Foreign Travel - Not Covered by Medicare Sample Clauses

Foreign Travel - Not Covered by Medicare. This plan covers Medicare eligible expenses for medically necessary emergency services rendered in in a foreign country if Medicare would have covered the services as Medicare eligible expenses had the emergency happened in the United States. In addition, the following conditions must be met: • health services are not eligible for payment under any Medicare program; • emergency care is received during the first sixty (60) days of a trip outside the United States; and • emergency care is received on or after the effective date of your plan. Benefits for emergency medical care in foreign countries are payable to you only in United States currency.

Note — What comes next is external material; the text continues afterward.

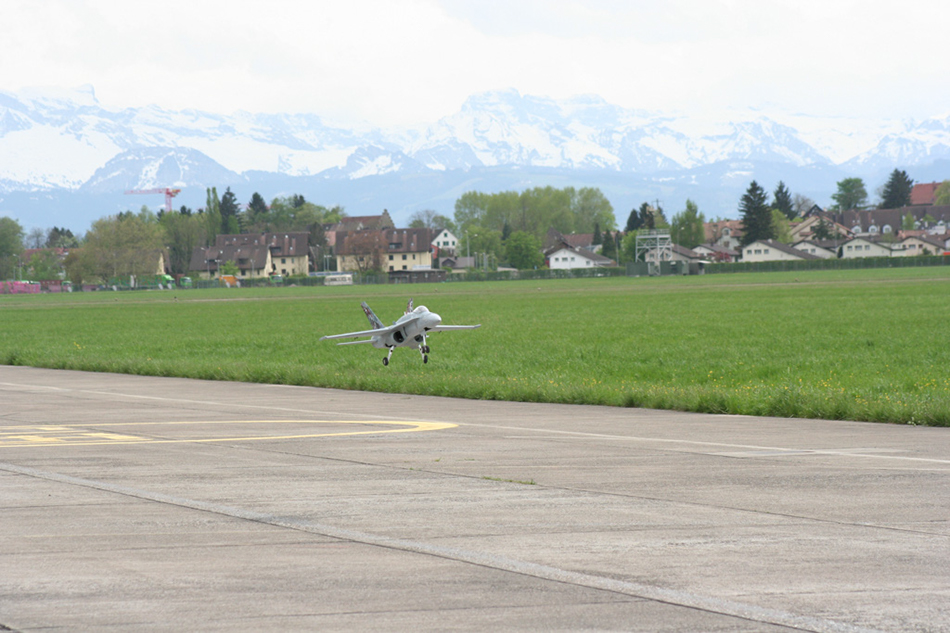 %_tempFileNameIMG_1155%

The amount paid to you is based on the bank transfer exchange rate in effect the date the services were rendered. You may be required to pay up front for the emergency services at the time of service. You are then responsible to complete a foreign claim research form and a claim form and submit both to us for processing. To obtain forms, please call the Medicare Concierge Team. See Section 9 for contact information. To file a claim, please send us the itemized bill for the healthcare service, a completed foreign claim research form, and a claim form with the following information: • your name; • your Plan 65 subscriber ID number; • name, address, and telephone number of the provider who performed the service; • date and description of the service; and • the charge for the service. Please send to the address listed in Section 9: Contact Information. Claims must be filed within twelve (12) months of the date you receive a healthcare service.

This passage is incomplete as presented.